Your task:
Output the data word for word, dropping every image.

Provided material:
━━━━━━━━━━

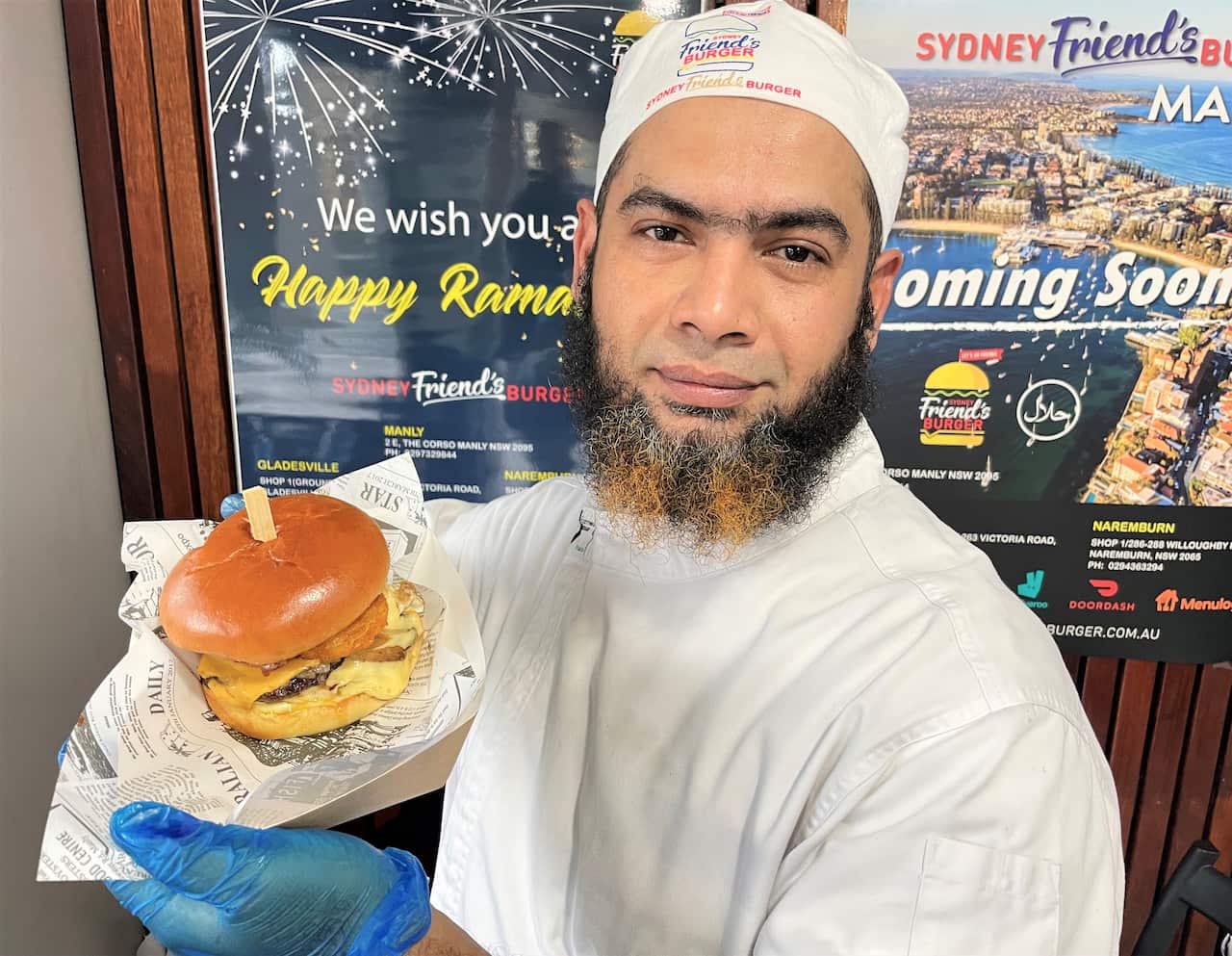 Masum Alam holds one of his signature burgers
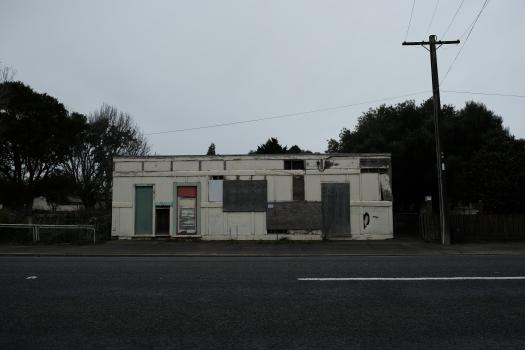 Abandoned building at the side of the road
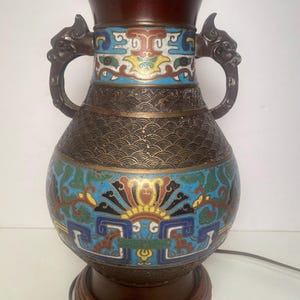 May include: An antique table lamp with a brown base and a decorative vase-shaped body. The lamp features colorful enamel designs in blue, red, yellow, and green. The lamp has two dragon-shaped handles and measures approximately 20 inches tall.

━━━━━━━━━━

Exercise answer:
 Masum Alam holds one of his signature burgers
 Abandoned building at the side of the road
 May include: An antique table lamp with a brown base and a decorative vase-shaped body. The lamp features colorful enamel designs in blue, red, yellow, and green. The lamp has two dragon-shaped handles and measures approximately 20 inches tall.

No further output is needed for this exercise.